Dataset records:
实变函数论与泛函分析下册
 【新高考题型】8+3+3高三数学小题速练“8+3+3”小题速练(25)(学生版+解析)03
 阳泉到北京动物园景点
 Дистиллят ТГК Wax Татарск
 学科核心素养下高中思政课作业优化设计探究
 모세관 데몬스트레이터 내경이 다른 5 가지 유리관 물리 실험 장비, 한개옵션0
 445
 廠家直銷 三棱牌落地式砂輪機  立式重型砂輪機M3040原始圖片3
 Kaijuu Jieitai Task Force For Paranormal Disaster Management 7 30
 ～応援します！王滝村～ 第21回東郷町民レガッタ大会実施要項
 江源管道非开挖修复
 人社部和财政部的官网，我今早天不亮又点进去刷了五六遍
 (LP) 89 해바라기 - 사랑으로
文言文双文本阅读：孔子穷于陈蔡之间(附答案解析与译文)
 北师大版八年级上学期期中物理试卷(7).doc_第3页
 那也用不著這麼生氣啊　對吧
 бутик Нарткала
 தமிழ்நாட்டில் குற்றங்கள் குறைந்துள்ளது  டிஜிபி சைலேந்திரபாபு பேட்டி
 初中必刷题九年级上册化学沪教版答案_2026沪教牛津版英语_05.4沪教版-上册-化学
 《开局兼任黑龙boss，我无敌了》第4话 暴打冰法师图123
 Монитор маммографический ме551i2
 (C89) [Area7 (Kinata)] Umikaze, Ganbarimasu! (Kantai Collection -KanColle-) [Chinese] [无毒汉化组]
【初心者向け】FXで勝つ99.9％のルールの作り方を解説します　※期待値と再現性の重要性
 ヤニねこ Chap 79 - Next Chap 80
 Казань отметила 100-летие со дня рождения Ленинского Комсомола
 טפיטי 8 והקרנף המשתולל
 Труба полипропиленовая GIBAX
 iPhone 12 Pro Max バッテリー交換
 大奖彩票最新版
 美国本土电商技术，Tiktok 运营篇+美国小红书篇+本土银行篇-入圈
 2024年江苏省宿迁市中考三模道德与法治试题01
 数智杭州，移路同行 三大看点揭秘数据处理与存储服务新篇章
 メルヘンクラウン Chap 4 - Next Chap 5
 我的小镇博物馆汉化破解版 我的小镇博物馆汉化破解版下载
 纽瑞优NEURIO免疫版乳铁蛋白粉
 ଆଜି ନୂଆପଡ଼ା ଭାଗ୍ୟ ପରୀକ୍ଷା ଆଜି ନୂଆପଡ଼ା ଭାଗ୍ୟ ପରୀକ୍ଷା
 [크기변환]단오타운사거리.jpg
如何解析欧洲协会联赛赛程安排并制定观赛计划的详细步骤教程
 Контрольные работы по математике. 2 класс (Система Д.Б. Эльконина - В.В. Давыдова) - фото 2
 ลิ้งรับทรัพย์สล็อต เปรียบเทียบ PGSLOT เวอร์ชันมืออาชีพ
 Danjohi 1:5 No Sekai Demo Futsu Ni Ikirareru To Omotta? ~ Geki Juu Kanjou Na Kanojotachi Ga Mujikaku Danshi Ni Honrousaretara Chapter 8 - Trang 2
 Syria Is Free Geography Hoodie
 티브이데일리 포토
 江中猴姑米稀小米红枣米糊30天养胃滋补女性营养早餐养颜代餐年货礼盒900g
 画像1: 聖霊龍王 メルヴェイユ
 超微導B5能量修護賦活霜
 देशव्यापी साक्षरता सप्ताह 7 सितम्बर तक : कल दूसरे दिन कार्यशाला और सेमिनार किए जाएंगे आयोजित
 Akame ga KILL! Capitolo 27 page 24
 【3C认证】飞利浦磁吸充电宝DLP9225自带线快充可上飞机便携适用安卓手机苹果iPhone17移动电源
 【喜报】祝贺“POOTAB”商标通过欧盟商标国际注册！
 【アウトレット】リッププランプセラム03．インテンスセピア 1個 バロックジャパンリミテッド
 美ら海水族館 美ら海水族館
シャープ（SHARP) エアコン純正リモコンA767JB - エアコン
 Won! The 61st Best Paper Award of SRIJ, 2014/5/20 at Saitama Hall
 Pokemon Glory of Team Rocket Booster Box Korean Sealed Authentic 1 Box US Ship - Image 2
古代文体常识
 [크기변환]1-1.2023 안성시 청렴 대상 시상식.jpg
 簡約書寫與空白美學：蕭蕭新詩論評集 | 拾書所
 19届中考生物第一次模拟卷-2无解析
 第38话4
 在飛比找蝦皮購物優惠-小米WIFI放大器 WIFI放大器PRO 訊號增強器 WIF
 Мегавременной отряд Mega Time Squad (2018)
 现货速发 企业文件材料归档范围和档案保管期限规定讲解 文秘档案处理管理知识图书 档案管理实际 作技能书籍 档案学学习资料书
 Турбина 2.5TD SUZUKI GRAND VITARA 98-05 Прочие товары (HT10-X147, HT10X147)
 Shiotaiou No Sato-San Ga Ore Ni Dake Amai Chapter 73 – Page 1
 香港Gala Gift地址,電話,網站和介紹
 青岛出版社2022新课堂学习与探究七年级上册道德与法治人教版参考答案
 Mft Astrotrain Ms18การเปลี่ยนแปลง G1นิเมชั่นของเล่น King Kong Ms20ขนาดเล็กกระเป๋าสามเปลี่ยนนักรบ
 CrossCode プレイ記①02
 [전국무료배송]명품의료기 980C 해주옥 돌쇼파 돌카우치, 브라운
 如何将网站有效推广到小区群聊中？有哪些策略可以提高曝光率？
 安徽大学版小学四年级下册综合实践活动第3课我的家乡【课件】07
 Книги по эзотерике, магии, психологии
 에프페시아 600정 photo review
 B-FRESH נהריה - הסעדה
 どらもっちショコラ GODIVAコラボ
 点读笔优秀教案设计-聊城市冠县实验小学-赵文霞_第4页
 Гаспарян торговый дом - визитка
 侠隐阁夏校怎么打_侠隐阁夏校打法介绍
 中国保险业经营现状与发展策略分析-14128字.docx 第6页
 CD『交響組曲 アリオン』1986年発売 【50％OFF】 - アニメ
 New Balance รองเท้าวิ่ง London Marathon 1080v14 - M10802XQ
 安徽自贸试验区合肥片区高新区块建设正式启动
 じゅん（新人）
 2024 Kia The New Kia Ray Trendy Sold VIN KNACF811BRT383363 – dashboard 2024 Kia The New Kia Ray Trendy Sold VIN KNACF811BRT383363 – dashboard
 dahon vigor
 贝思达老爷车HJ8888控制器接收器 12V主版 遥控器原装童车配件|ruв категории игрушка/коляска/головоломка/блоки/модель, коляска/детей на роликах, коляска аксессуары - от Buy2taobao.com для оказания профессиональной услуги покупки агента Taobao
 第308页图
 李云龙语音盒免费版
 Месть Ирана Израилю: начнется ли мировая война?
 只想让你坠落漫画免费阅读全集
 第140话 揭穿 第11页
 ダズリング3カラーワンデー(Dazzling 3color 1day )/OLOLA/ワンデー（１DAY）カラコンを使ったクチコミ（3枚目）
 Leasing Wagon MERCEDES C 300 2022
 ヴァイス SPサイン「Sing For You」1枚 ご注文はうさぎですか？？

What this task involves:
Return everything in the records. Keep each line exactly as written.

Written answer:
实变函数论与泛函分析下册
 【新高考题型】8+3+3高三数学小题速练“8+3+3”小题速练(25)(学生版+解析)03
 阳泉到北京动物园景点
 Дистиллят ТГК Wax Татарск
 学科核心素养下高中思政课作业优化设计探究
 모세관 데몬스트레이터 내경이 다른 5 가지 유리관 물리 실험 장비, 한개옵션0
 445
 廠家直銷 三棱牌落地式砂輪機  立式重型砂輪機M3040原始圖片3
 Kaijuu Jieitai Task Force For Paranormal Disaster Management 7 30
 ～応援します！王滝村～ 第21回東郷町民レガッタ大会実施要項
 江源管道非开挖修复
 人社部和财政部的官网，我今早天不亮又点进去刷了五六遍
 (LP) 89 해바라기 - 사랑으로
文言文双文本阅读：孔子穷于陈蔡之间(附答案解析与译文)
 北师大版八年级上学期期中物理试卷(7).doc_第3页
 那也用不著這麼生氣啊　對吧
 бутик Нарткала
 தமிழ்நாட்டில் குற்றங்கள் குறைந்துள்ளது  டிஜிபி சைலேந்திரபாபு பேட்டி
 初中必刷题九年级上册化学沪教版答案_2026沪教牛津版英语_05.4沪教版-上册-化学
 《开局兼任黑龙boss，我无敌了》第4话 暴打冰法师图123
 Монитор маммографический ме551i2
 (C89) [Area7 (Kinata)] Umikaze, Ganbarimasu! (Kantai Collection -KanColle-) [Chinese] [无毒汉化组]
【初心者向け】FXで勝つ99.9％のルールの作り方を解説します　※期待値と再現性の重要性
 ヤニねこ Chap 79 - Next Chap 80
 Казань отметила 100-летие со дня рождения Ленинского Комсомола
 טפיטי 8 והקרנף המשתולל
 Труба полипропиленовая GIBAX
 iPhone 12 Pro Max バッテリー交換
 大奖彩票最新版
 美国本土电商技术，Tiktok 运营篇+美国小红书篇+本土银行篇-入圈
 2024年江苏省宿迁市中考三模道德与法治试题01
 数智杭州，移路同行 三大看点揭秘数据处理与存储服务新篇章
 メルヘンクラウン Chap 4 - Next Chap 5
 我的小镇博物馆汉化破解版 我的小镇博物馆汉化破解版下载
 纽瑞优NEURIO免疫版乳铁蛋白粉
 ଆଜି ନୂଆପଡ଼ା ଭାଗ୍ୟ ପରୀକ୍ଷା ଆଜି ନୂଆପଡ଼ା ଭାଗ୍ୟ ପରୀକ୍ଷା
 [크기변환]단오타운사거리.jpg
如何解析欧洲协会联赛赛程安排并制定观赛计划的详细步骤教程
 Контрольные работы по математике. 2 класс (Система Д.Б. Эльконина - В.В. Давыдова) - фото 2
 ลิ้งรับทรัพย์สล็อต เปรียบเทียบ PGSLOT เวอร์ชันมืออาชีพ
 Danjohi 1:5 No Sekai Demo Futsu Ni Ikirareru To Omotta? ~ Geki Juu Kanjou Na Kanojotachi Ga Mujikaku Danshi Ni Honrousaretara Chapter 8 - Trang 2
 Syria Is Free Geography Hoodie
 티브이데일리 포토
 江中猴姑米稀小米红枣米糊30天养胃滋补女性营养早餐养颜代餐年货礼盒900g
 画像1: 聖霊龍王 メルヴェイユ
 超微導B5能量修護賦活霜
 देशव्यापी साक्षरता सप्ताह 7 सितम्बर तक : कल दूसरे दिन कार्यशाला और सेमिनार किए जाएंगे आयोजित
 Akame ga KILL! Capitolo 27 page 24
 【3C认证】飞利浦磁吸充电宝DLP9225自带线快充可上飞机便携适用安卓手机苹果iPhone17移动电源
 【喜报】祝贺“POOTAB”商标通过欧盟商标国际注册！
 【アウトレット】リッププランプセラム03．インテンスセピア 1個 バロックジャパンリミテッド
 美ら海水族館 美ら海水族館
シャープ（SHARP) エアコン純正リモコンA767JB - エアコン
 Won! The 61st Best Paper Award of SRIJ, 2014/5/20 at Saitama Hall
 Pokemon Glory of Team Rocket Booster Box Korean Sealed Authentic 1 Box US Ship - Image 2
古代文体常识
 [크기변환]1-1.2023 안성시 청렴 대상 시상식.jpg
 簡約書寫與空白美學：蕭蕭新詩論評集 | 拾書所
 19届中考生物第一次模拟卷-2无解析
 第38话4
 在飛比找蝦皮購物優惠-小米WIFI放大器 WIFI放大器PRO 訊號增強器 WIF
 Мегавременной отряд Mega Time Squad (2018)
 现货速发 企业文件材料归档范围和档案保管期限规定讲解 文秘档案处理管理知识图书 档案管理实际 作技能书籍 档案学学习资料书
 Турбина 2.5TD SUZUKI GRAND VITARA 98-05 Прочие товары (HT10-X147, HT10X147)
 Shiotaiou No Sato-San Ga Ore Ni Dake Amai Chapter 73 – Page 1
 香港Gala Gift地址,電話,網站和介紹
 青岛出版社2022新课堂学习与探究七年级上册道德与法治人教版参考答案
 Mft Astrotrain Ms18การเปลี่ยนแปลง G1นิเมชั่นของเล่น King Kong Ms20ขนาดเล็กกระเป๋าสามเปลี่ยนนักรบ
 CrossCode プレイ記①02
 [전국무료배송]명품의료기 980C 해주옥 돌쇼파 돌카우치, 브라운
 如何将网站有效推广到小区群聊中？有哪些策略可以提高曝光率？
 安徽大学版小学四年级下册综合实践活动第3课我的家乡【课件】07
 Книги по эзотерике, магии, психологии
 에프페시아 600정 photo review
 B-FRESH נהריה - הסעדה
 どらもっちショコラ GODIVAコラボ
 点读笔优秀教案设计-聊城市冠县实验小学-赵文霞_第4页
 Гаспарян торговый дом - визитка
 侠隐阁夏校怎么打_侠隐阁夏校打法介绍
 中国保险业经营现状与发展策略分析-14128字.docx 第6页
 CD『交響組曲 アリオン』1986年発売 【50％OFF】 - アニメ
 New Balance รองเท้าวิ่ง London Marathon 1080v14 - M10802XQ
 安徽自贸试验区合肥片区高新区块建设正式启动
 じゅん（新人）
 2024 Kia The New Kia Ray Trendy Sold VIN KNACF811BRT383363 – dashboard 2024 Kia The New Kia Ray Trendy Sold VIN KNACF811BRT383363 – dashboard
 dahon vigor
 贝思达老爷车HJ8888控制器接收器 12V主版 遥控器原装童车配件|ruв категории игрушка/коляска/головоломка/блоки/модель, коляска/детей на роликах, коляска аксессуары - от Buy2taobao.com для оказания профессиональной услуги покупки агента Taobao
 第308页图
 李云龙语音盒免费版
 Месть Ирана Израилю: начнется ли мировая война?
 只想让你坠落漫画免费阅读全集
 第140话 揭穿 第11页
 ダズリング3カラーワンデー(Dazzling 3color 1day )/OLOLA/ワンデー（１DAY）カラコンを使ったクチコミ（3枚目）
 Leasing Wagon MERCEDES C 300 2022
 ヴァイス SPサイン「Sing For You」1枚 ご注文はうさぎですか？？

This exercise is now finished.